La création du papier monnaie

En 1715, l’année de la mort de Louis XIV, l’économiste John Law revint en France pour offrir ses services à Philippe d’Orléans le régent.
La situation financière du pays était dramatique. La dette de l’État français représentait dix années de recettes fiscales du Royaume, car l’ancien roi avait énormément dépensé dans les guerres et les constructions.

De plus, quelques dizaines de financiers s’étaient fortement enrichis aux dépens du royaume et étaient toujours à l’affût de quelques bonnes affaires. Les ministres et les personnalités influentes ne proposaient que des solutions de replâtrage.

Le Régent se décida alors de suivre les audacieuses théories de Law, qui semblaient lui permettre de régler le problème de l’endettement et de relancer vigoureusement l’activité économique du pays. John Law est autorisé à créer en 1716 la Banque générale et à émettre du papier-monnaie contre de l’or.
Son système consistait à remplacer la monnaie en métal par du papier-monnaie pour faciliter les transactions financières et réduire la dette royale qui était à un niveau désastreux après des années de guerre.

Son système connaît un grand succès et croît jusqu’à créer les premières émissions de titres boursiers.
Néanmoins la forte spéculation sur ces titres va conduire à la ruine du système entier et à une panique. Les gens n’ont plus confiance dans le papier-monnaie et cherchent à récupérer leur or.
Quatre ans plus tard, en décembre 1720, John Law, ruiné, est obligé de fuir le royaume. Sous la protection officieuse du Régent, Law se réfugie à Venise.
Son système a appauvri ou ruiné 10 % environ de la population française, principalement les riches actionnaires.

Quelques autres par contre, bénéficiant de renseignements de première main, purent s’enrichir considérablement.

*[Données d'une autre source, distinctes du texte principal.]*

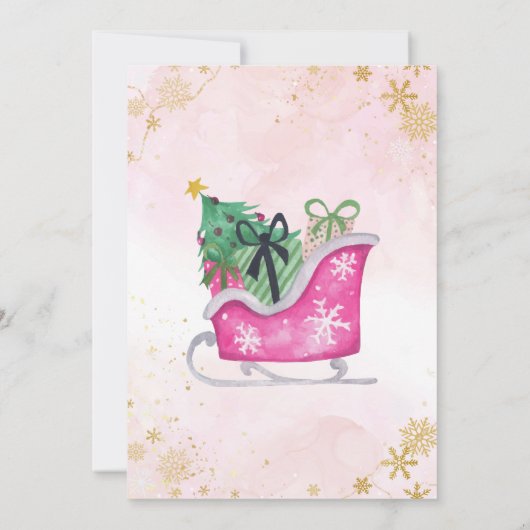 Roze Goud Oh Wat Leuk Kerstmis 1e Verjaardag Kaart (Achterkant)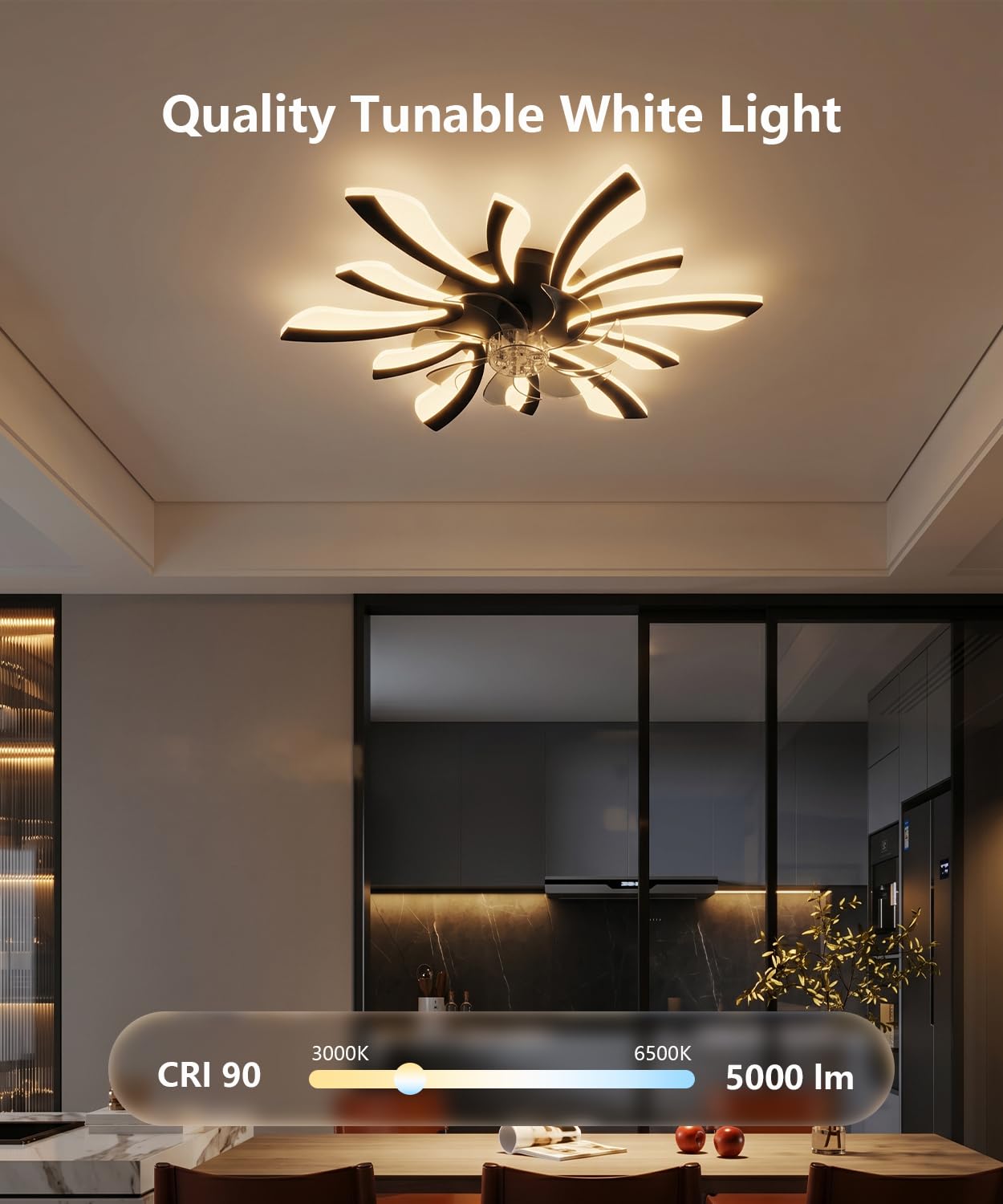 LJX Lampadario con Ventilatore da Soffitto con Telecomando DC Plafoniera con Ventilatore Led Soffitto Silenzioso Dimmerabile Estate e Inverno Cucina Camera da Letto, Nero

Cependant, son système, s’il a fait perdre confiance dans le papier-monnaie et dans l’État, a paradoxalement assaini la dette de celui-ci en la faisant prendre en charge par de nombreux épargnants.
L’économie du pays a été préservée en un temps où le pays était paralysé par l’endettement généralisé et la pénurie de liquidités. Les agents économiques ont été en effet libérés de l’endettement chronique, et l’inflation a permis d’alléger les dettes privées d’au moins 50 %. Les grands perdants ont été les rentiers.

Origine de la banqueroute

Le terme banqueroute nous vient de l’expression italienne banca rotta (« banc cassé ») : en Italie durant l’époque médiévale, les financiers officiaient dans les marchés où ils s’installaient derrière une table de comptoir qu’on appelait à cette époque la banca (le banc, à l’origine du mot « banque ») qui leur permettait d’accueillir leurs clients et d’y négocier leurs affaires.
Lorsqu’un banquier faisait faillite et n’était plus en mesure de régler ses dettes ou s’il s’adonnait à l’usure, il était alors déclaré fallito (insolvable, en faillite) et ne pouvait plus exercer son métier.
Le banquier déchu devait alors rompre publiquement sa banca (bancarotta, banqueroute, bankruptcy) pour montrer aux habitants son interdiction d’exercer toute activité financière : l’expression banca rotta finit par se répandre dans le langage courant comme celle traduisant la situation d’insolvabilité d’un banquier.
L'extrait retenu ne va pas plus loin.